Shares in Telenor, which has expanded in Asia in pursuit of growth outside its mature home market in Scandinavia, fell on Friday's announcement by the two companies that talks were over.
"This removes the prospect for $5 billion of potential deal synergies," brokerage Jefferies said in a research note.
Telenor sold its central European operations last year as it seeks to focus on its Nordic and Asian businesses.
The proposed non-cash combination of Telenor's telecom and infrastructure assets in Asia with Axiata's would have had operations in nine countries including Thailand, Malaysia, Bangladesh, Pakistan and Indonesia, with a total population of nearly 1 billion people.

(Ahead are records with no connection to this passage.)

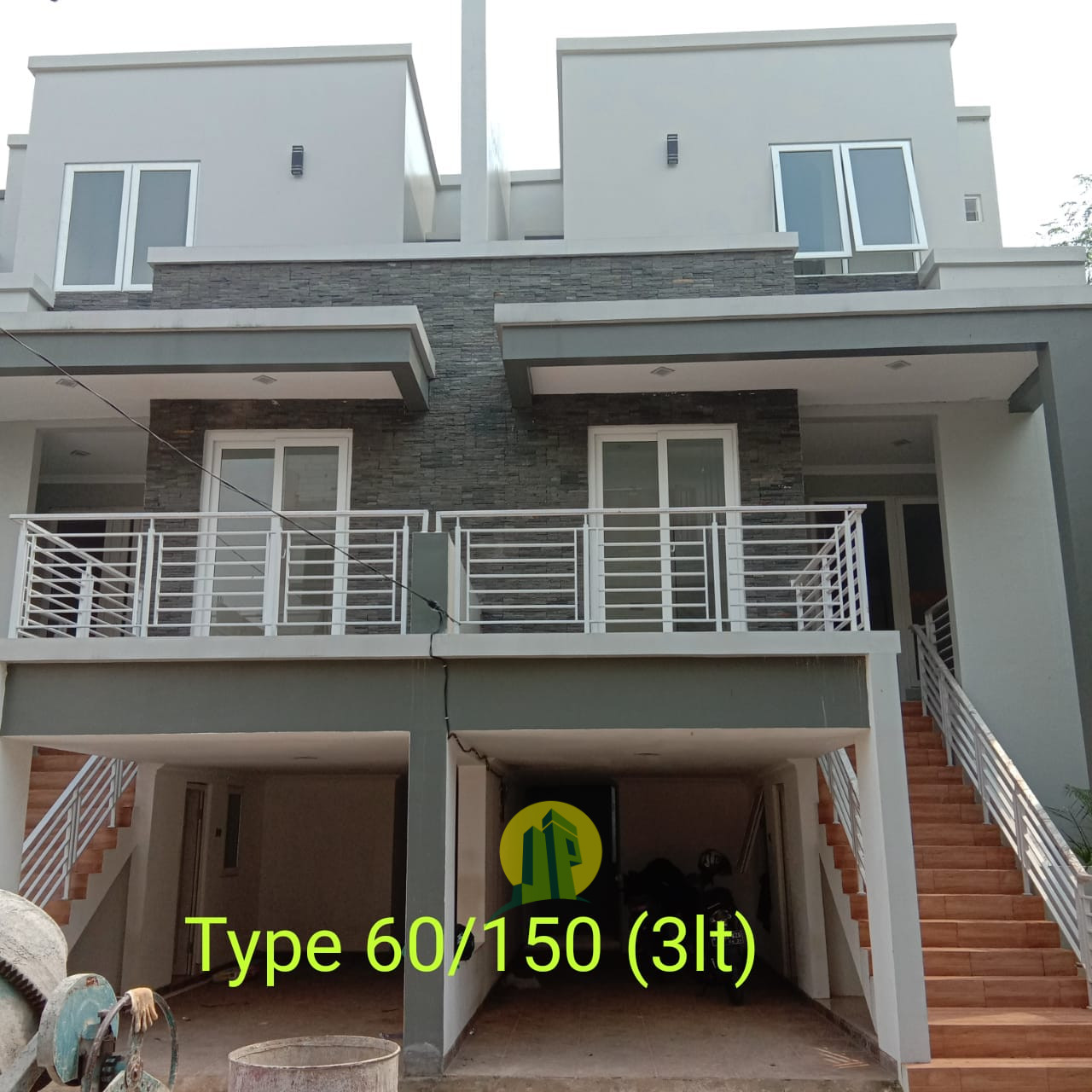 RUMAH MEWAH HARGA EKONOMIS LOKASI SUPER STRATEGIS di Cikunir Jatiasih Bekasi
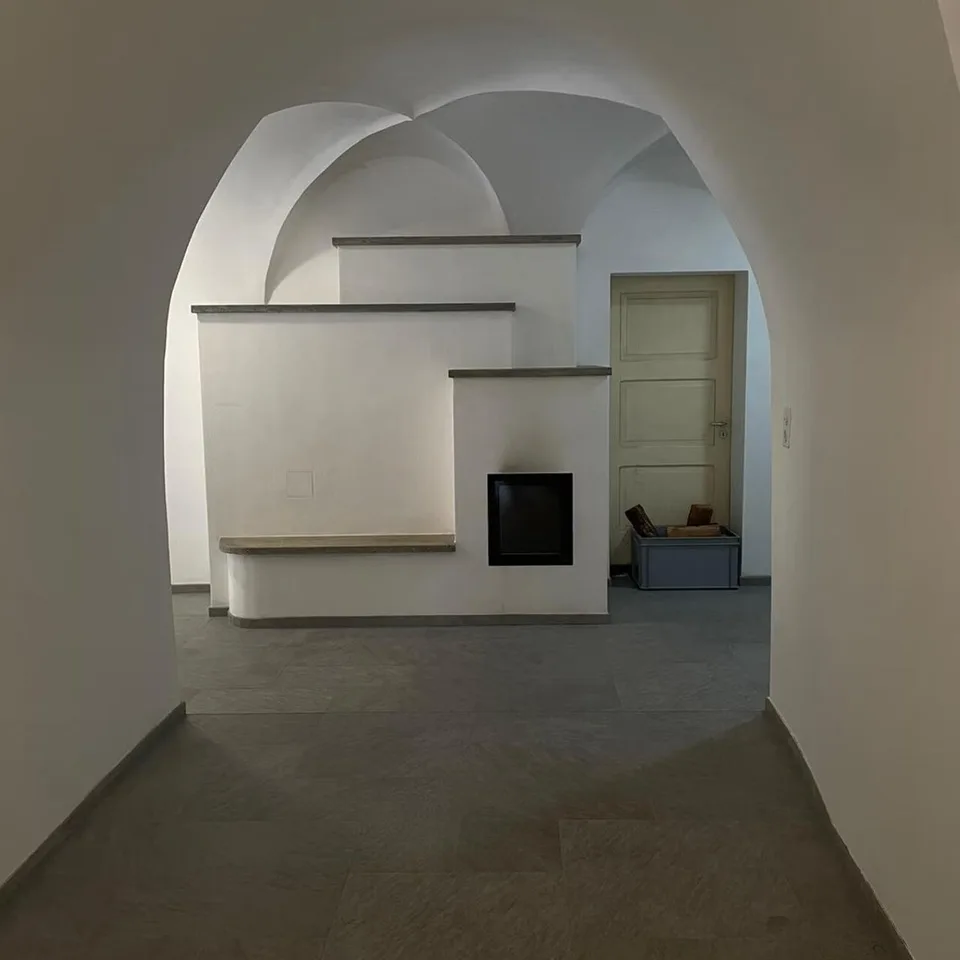 Offerta unica: canonica storica all'inizio di Poschiavo-San Carlo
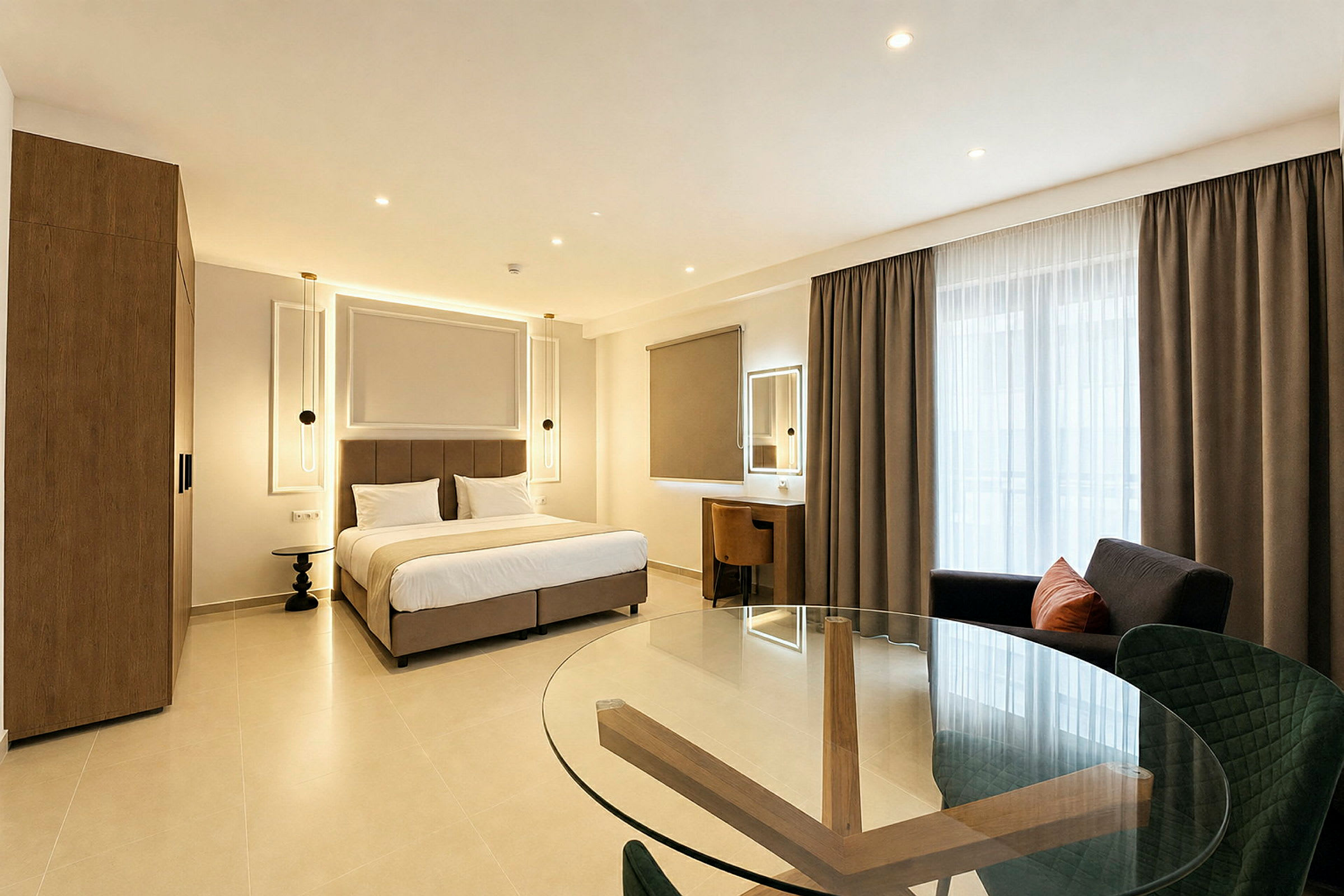 Bild av ett modernt hotellrum med en stor säng, skrivbord, sittområde och glasbord. (AI-genererad text)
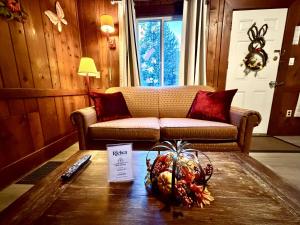 un salon avec un canapé et une table dans l'établissement Richca Chalets Resort, à Hope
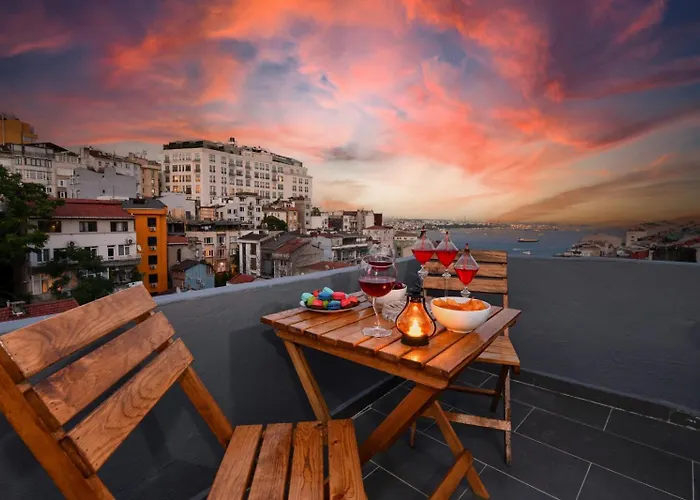 Daire The Maiden Tower From Your Bedroom Romantic View, In Taksim Square *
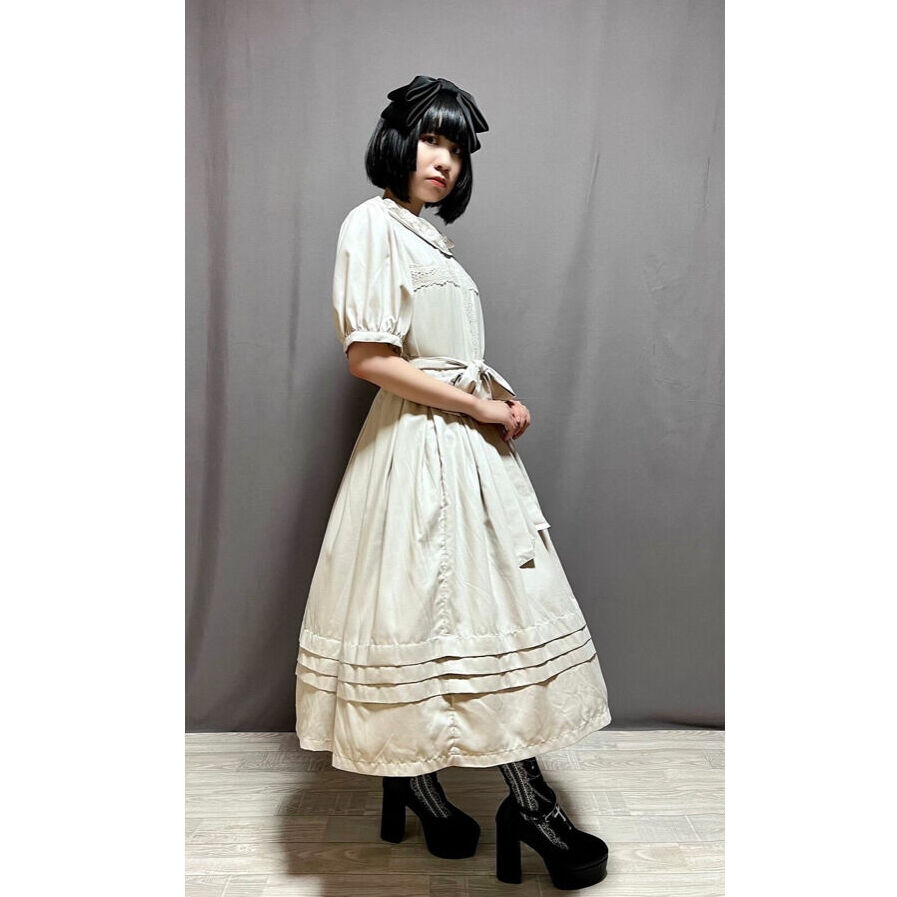 YOKOCHANビジューワンピース　ピンクベージュ 3090046713900452_01_8231.jpeg
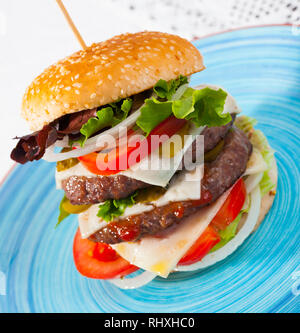 Double cheeseburger appétissant avec deux galettes de boeuf grillé Banque D'Images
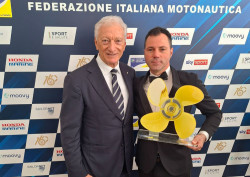 Il pilota lametino Gullo premiato a Roma dal Presidente del CONI Nazionale con l'elica d'oro Gallery_b221c.jpg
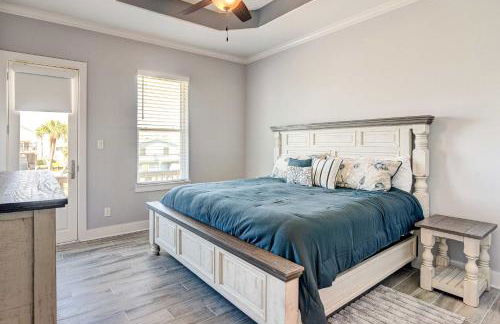 Private Dock and Patio Waterfront Galveston Retreat - Photo 12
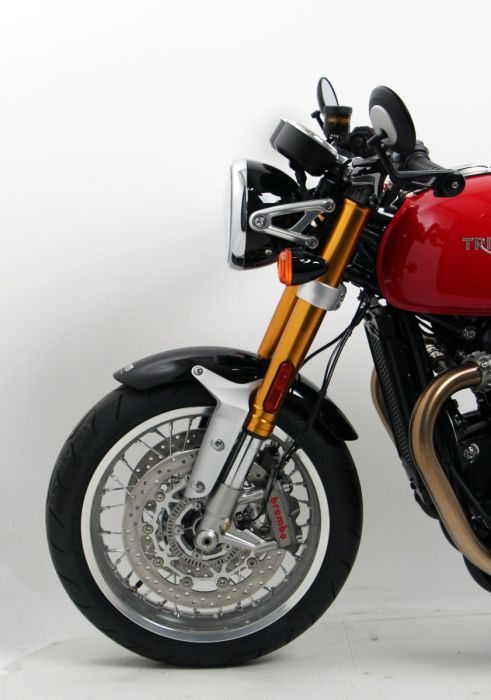 Triumph Thruxton R multiClip Tour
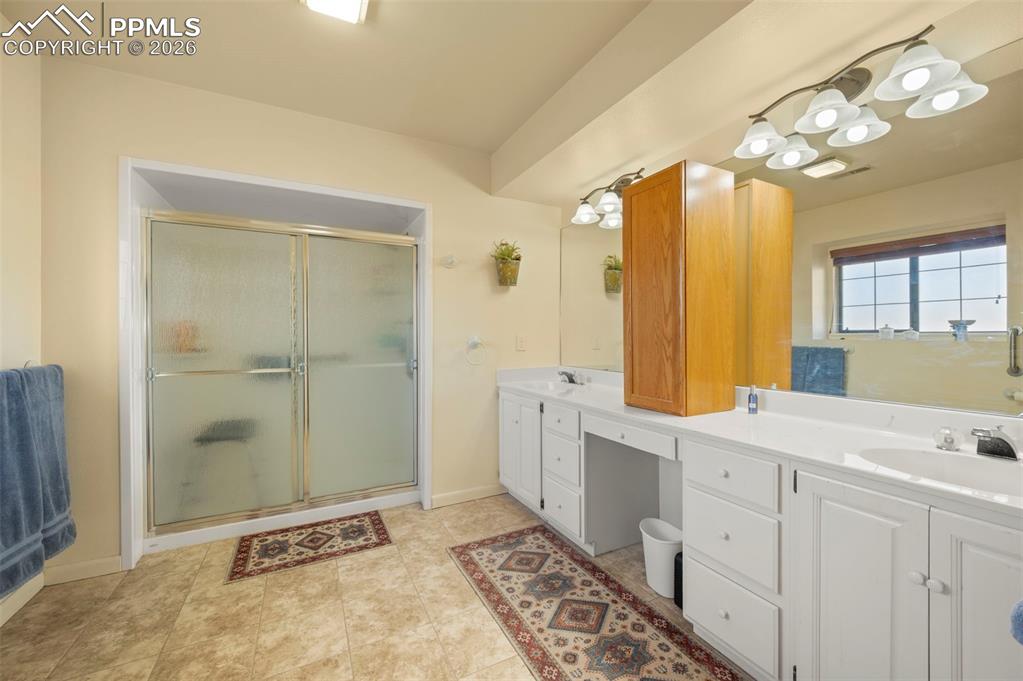 537 Chapparal Trail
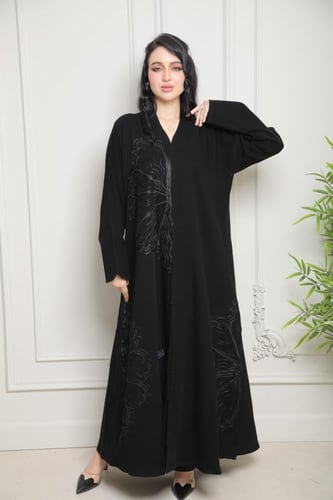 عباية تيجان تطريز هاري جنب وأمام راقية وفاخرة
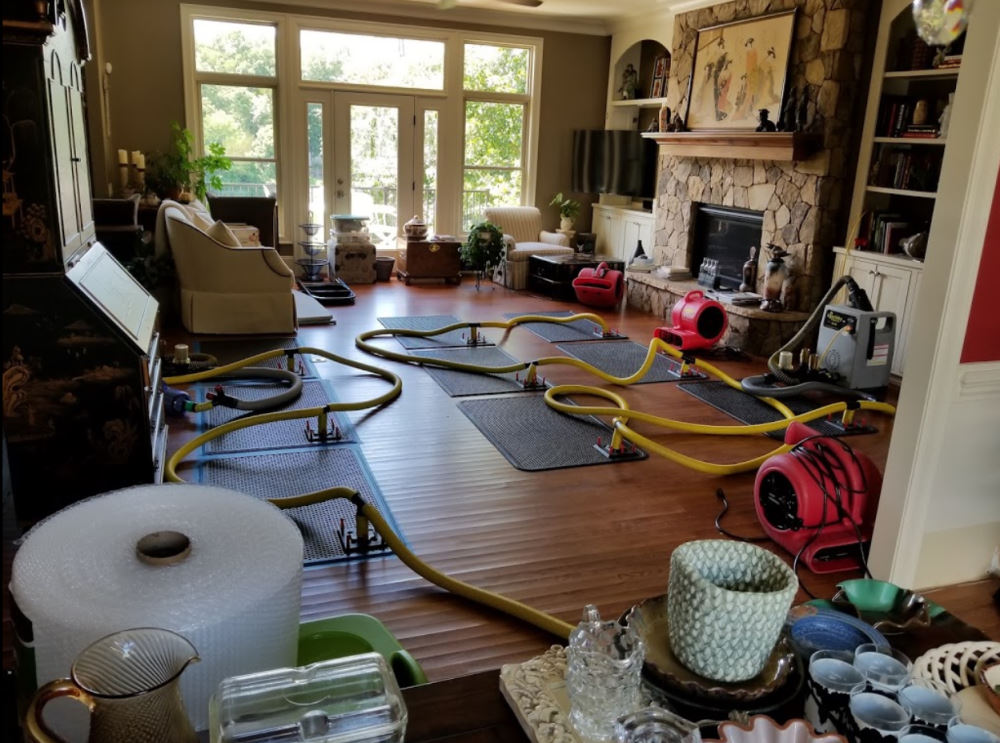 Cleaning Pros LLC Contractor in Danbury, CT photo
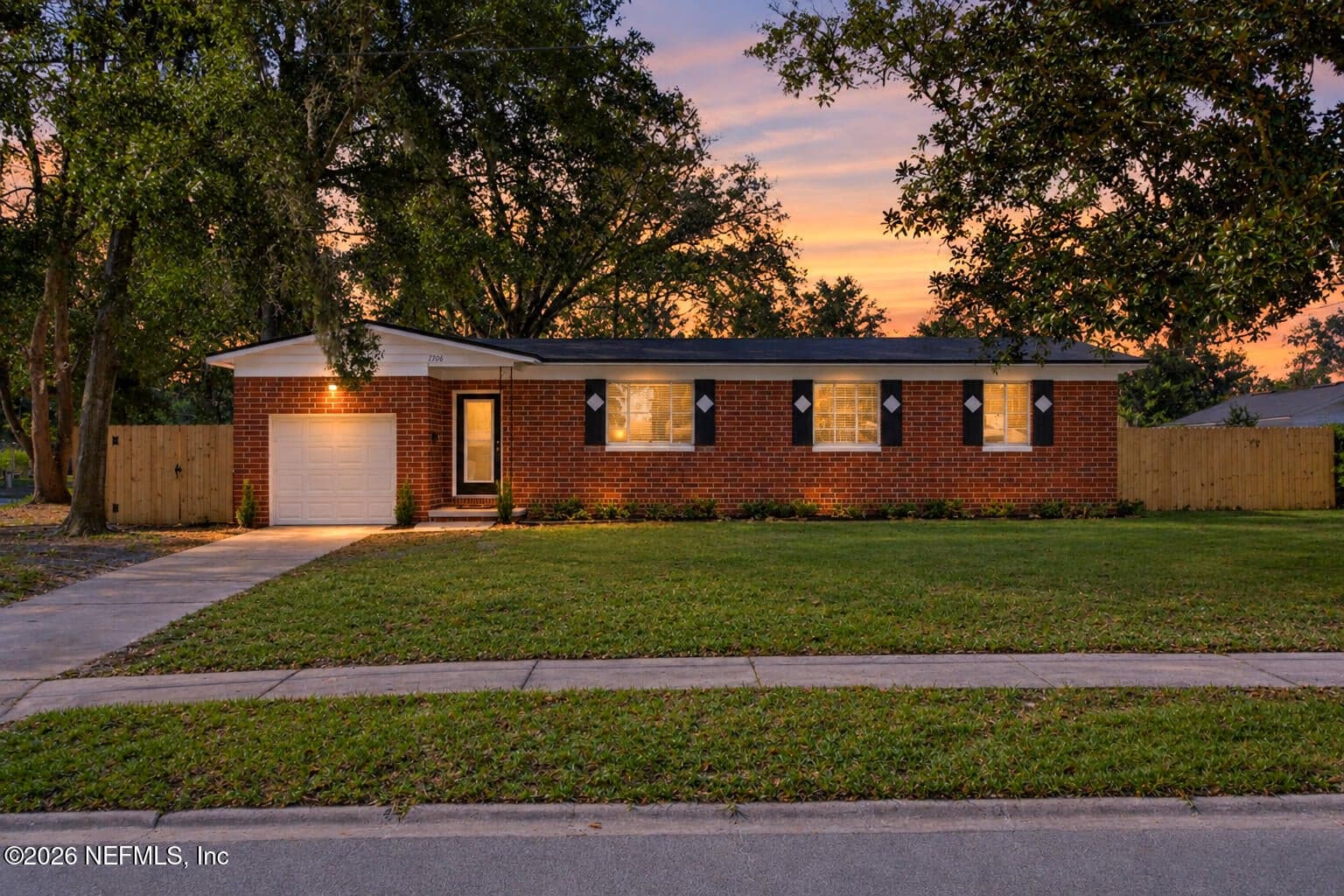 1706 SPRINKLE Drive, Jacksonville, FL 32211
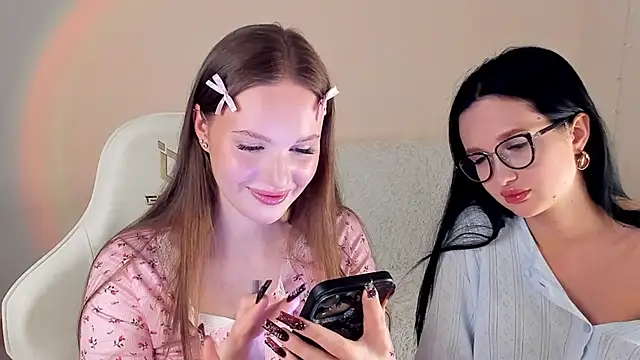 Snapshot of MishkaMe chatting on February 2026 01:09:02 PM MishkaMe online show from February 2026 01:09:02 PM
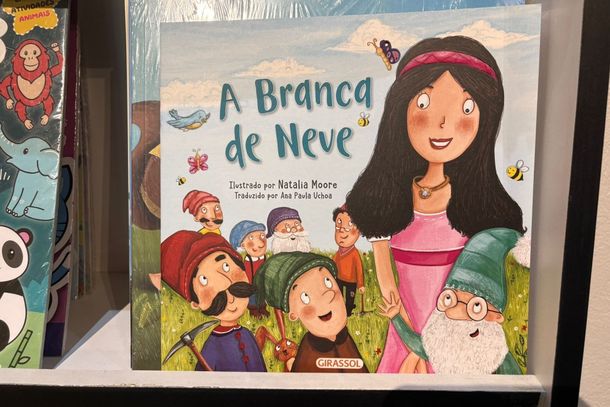 Branca de Neve, da editora Girassol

Failure of the talks also highlights the difficulty of merging phone operators around the world and the growing problems it presents for investors.
The joint venture would have competed with firms such as Singapore Telecommunications and created an entity worth $40 billion including debt, a person with knowledge of the matter told Reuters in May when the talks were first announced.
Telenor said in a statement that both parties had agreed to end the discussions "due to some complexities involved in the proposed transaction", without giving further details of what had scuppered plans for the largest such cross-border deal in Asia, excluding China and Japan.
However, Telenor left the door open to a deal with Axiata, saying both companies "still acknowledge the strong strategic rationale" of the combination and "do not rule out that a future transaction could be possible"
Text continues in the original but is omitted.